Pubblico di seguito un breve articolo di Davide Rossi, Segretario Generale SISA e Direttore del Centro Studi “Anna Seghers” di Milano.
La Cina è in cammino verso il progresso e la costruzione del futuro. Da 65 anni il governo di Pechino e i suoi dirigenti operano per la pace mondiale e uno sviluppo rispettoso dei popoli e dell’ecosistema, totalizzando il record mondiale pro capite di pannelli solari e di automobili elettriche o ibride.

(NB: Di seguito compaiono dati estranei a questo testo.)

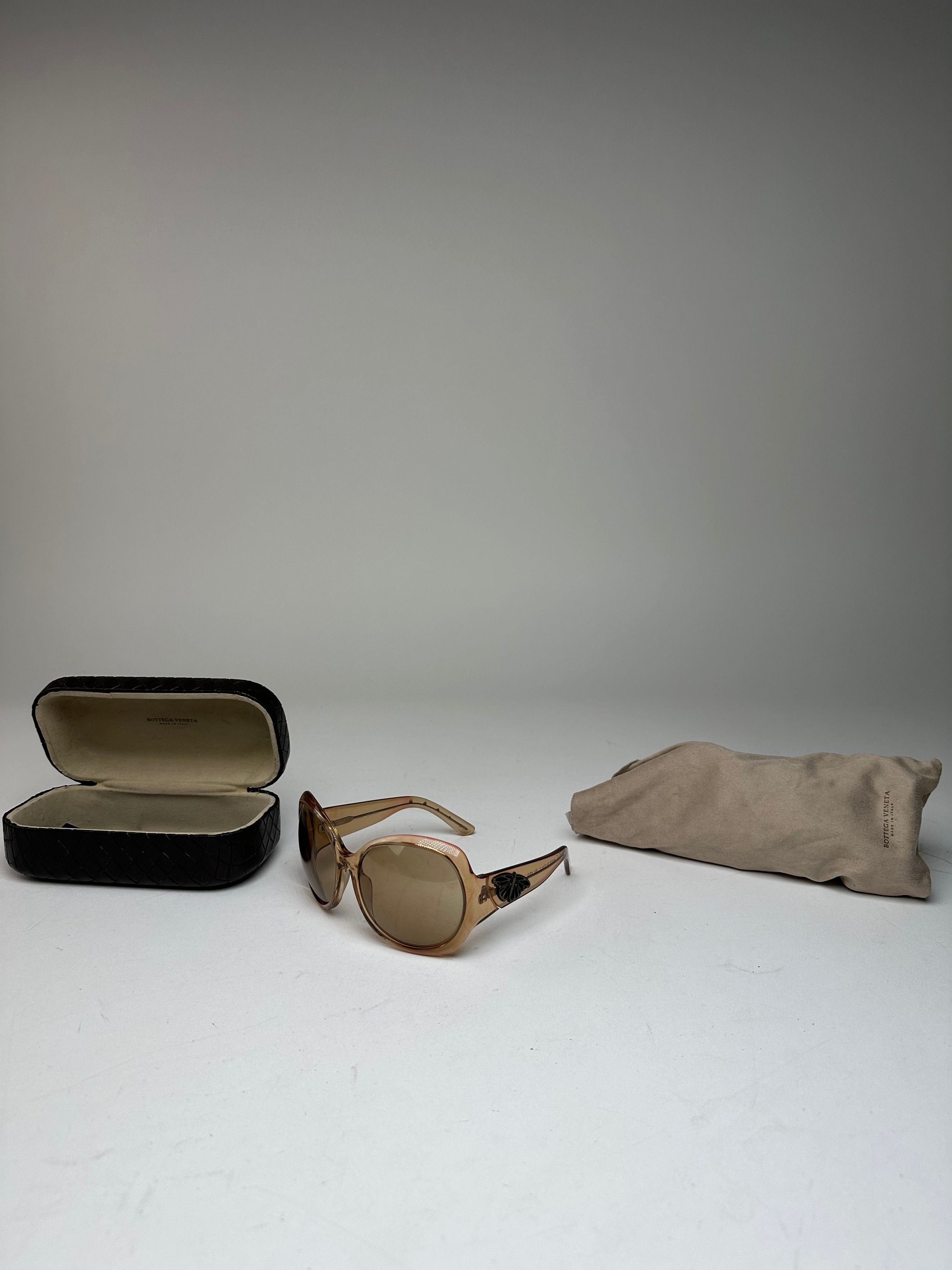 Bottega Veneta Vintage Overd Sunglasses beige Size ONE SIZE - 1 Thumbnail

A Hong Kong i giovani sono stati alcuni giorni in piazza, protestando contro il sistema politico cinese che coinvolge, fin dalle più piccole realtà sociali di base, i cittadini nella scelta dei responsabili dell’amministrazione pubblica. È questa una tradizione socialista che deve essere rispettata quanto altri sistemi. In Occidente il sistema dei partiti che si alternano per praticare le stesse politiche (popolar – conservatori e socialdemocratici in Europa, democratici e repubblicani negli Stati Uniti) non è più democratico, anzi forse lo è meno.

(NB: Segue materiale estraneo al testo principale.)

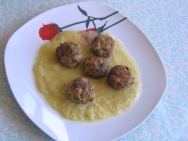 Albóndigas de tartar en salsa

Alcuni giovani che sono in piazza certamente agiscono perché sono contrari alla Cina e al socialismo e vogliono essere uno strumento di quella sempre spiacevole egemonia politica e culturale che l’Occidente cerca di imporre al mondo per garantire gli interessi economici degli Stati Uniti e dei suoi alleati.
Altri probabilmente sono confusi e non si rendono conto della realtà e della sua complessità, soprattutto per loro il governo cinese sta compiendo uno sforzo per convincerli dell’importanza e della fortuna di fare parte della Cina. Il dialogo avviato dal governo di Hong Kong e l’immediato ridursi dei manifestanti a poche decine è la dimostrazione di come chi pretendeva di creare uno scontro tra governanti e governati si sia sbagliato.

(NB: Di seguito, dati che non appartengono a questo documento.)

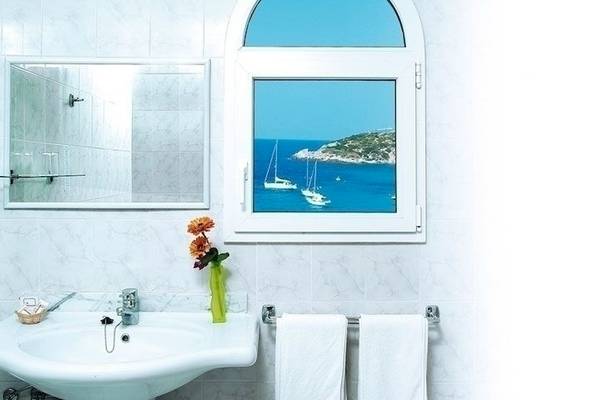 Badezimmer im Universal Hotel Aquamarin mit Meerblick und weißen Fliesen.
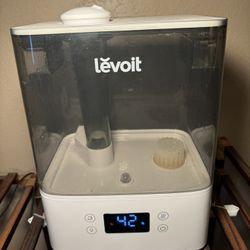 Levoit Humidifer With Essential Oils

A questi ragazzi andrebbe in ogni caso ricordato come sia ben strano che protestino contro la democrazia cinese di oggi, ma non abbiano mai protestato contro il governatore britannico, che nessuno eleggeva, ma era imposto dal governo di Londra senza consultare i cittadini di Hong Kong. Allo stesso modo andrebbe spiegato loro che la straordinaria politica delle nazionalità praticata dalla Cina è un esempio per tutto il mondo. Insomma lo spazio per collaborare c’è, anche con gli ultimi pochi manifestanti, purché gli studenti cerchino davvero il dialogo e non una sterile contrapposizione funzionale agli interessi anticinesi.